EXERCISE BRIEF
Please retype the data below line for line and leave out every picture.

TASK DATA
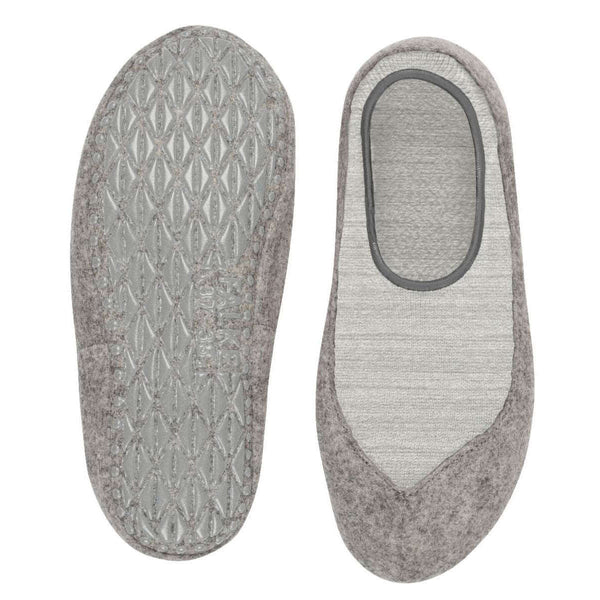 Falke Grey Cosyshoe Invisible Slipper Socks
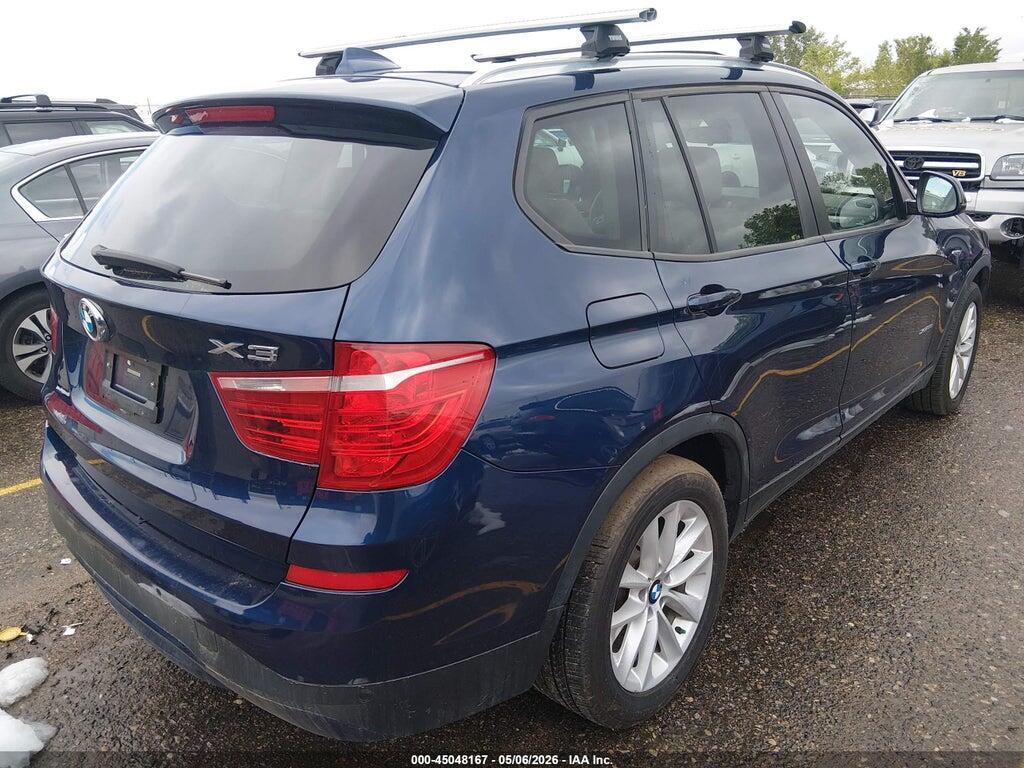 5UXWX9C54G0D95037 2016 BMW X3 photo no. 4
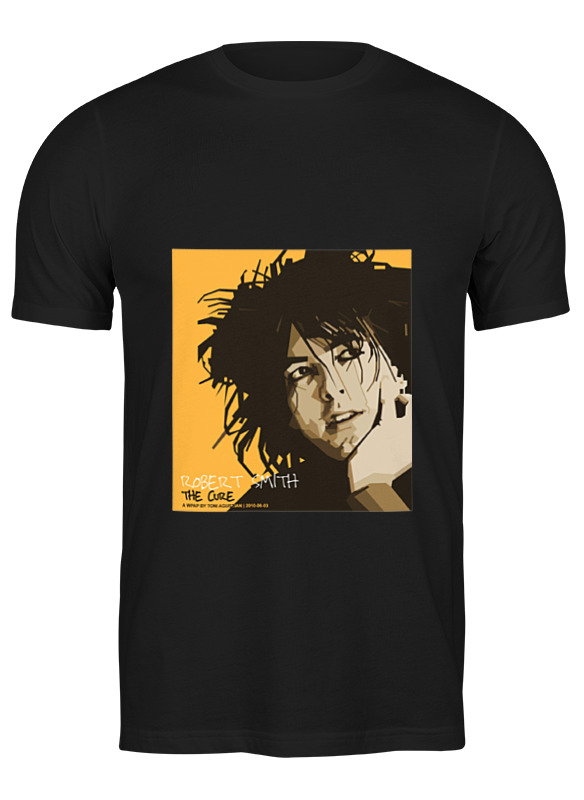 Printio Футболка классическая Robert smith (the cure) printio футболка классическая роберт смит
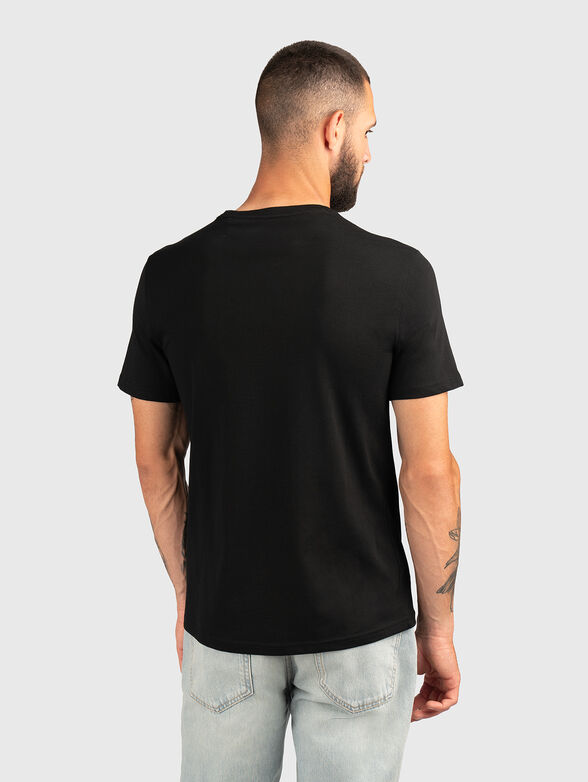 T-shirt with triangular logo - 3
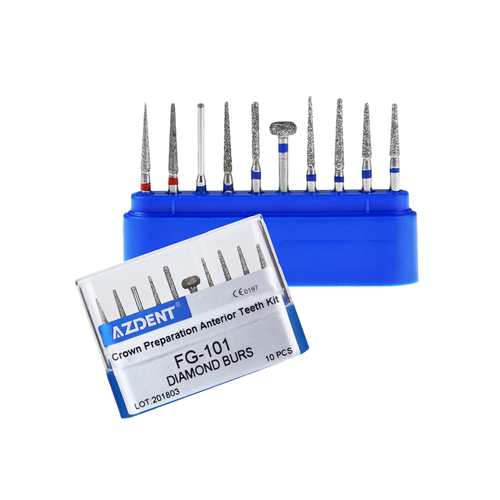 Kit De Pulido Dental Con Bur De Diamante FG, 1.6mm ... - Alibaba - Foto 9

ANSWER TO THIS PROBLEM
 Falke Grey Cosyshoe Invisible Slipper Socks
 5UXWX9C54G0D95037 2016 BMW X3 photo no. 4
 Printio Футболка классическая Robert smith (the cure) printio футболка классическая роберт смит
 T-shirt with triangular logo - 3
 Kit De Pulido Dental Con Bur De Diamante FG, 1.6mm ... - Alibaba - Foto 9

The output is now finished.